§ **Aim of the task**
Retype the records below exactly as they appear, but leave out any pictures.

Source records Block Start

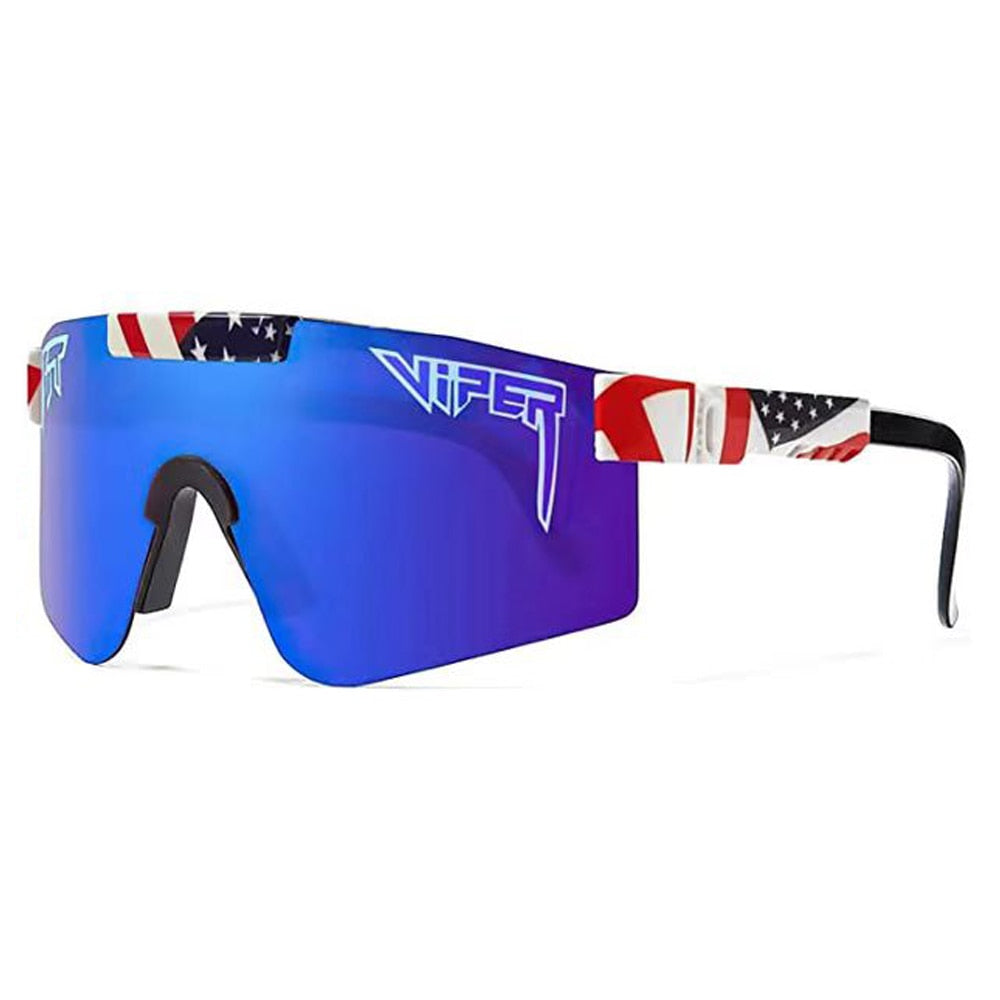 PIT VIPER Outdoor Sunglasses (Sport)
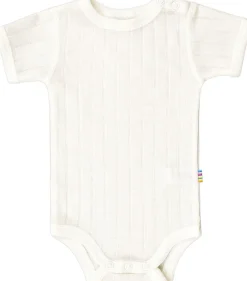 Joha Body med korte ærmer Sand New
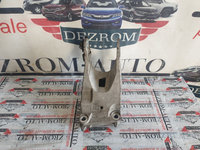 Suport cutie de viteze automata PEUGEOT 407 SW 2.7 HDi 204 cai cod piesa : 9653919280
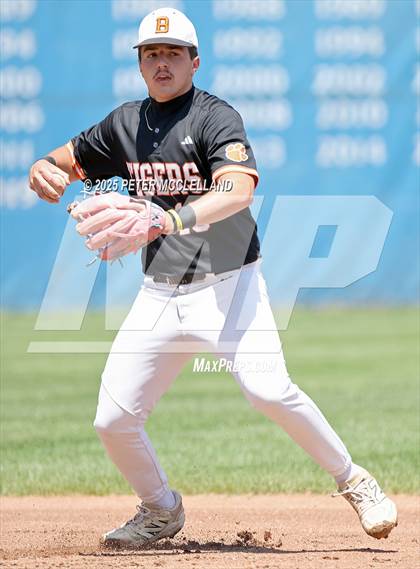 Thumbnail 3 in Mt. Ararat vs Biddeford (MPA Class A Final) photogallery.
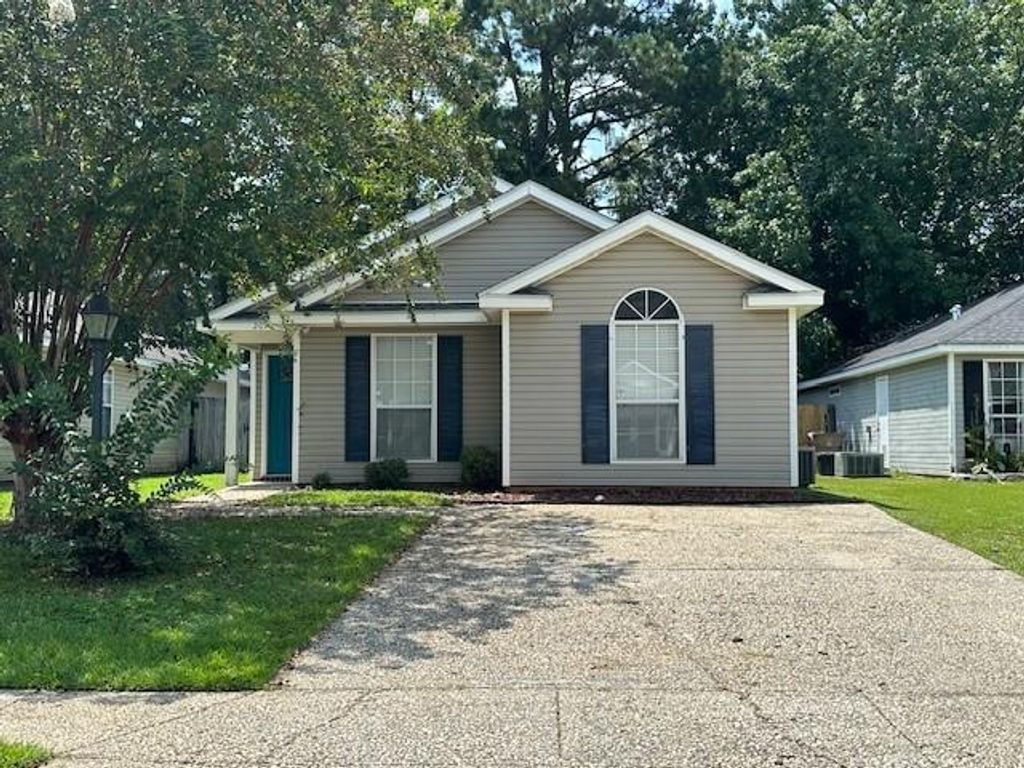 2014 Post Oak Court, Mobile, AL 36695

Source records Block End

§ **Exercise answer**
 PIT VIPER Outdoor Sunglasses (Sport)
 Joha Body med korte ærmer Sand New
 Suport cutie de viteze automata PEUGEOT 407 SW 2.7 HDi 204 cai cod piesa : 9653919280
 Thumbnail 3 in Mt. Ararat vs Biddeford (MPA Class A Final) photogallery.
 2014 Post Oak Court, Mobile, AL 36695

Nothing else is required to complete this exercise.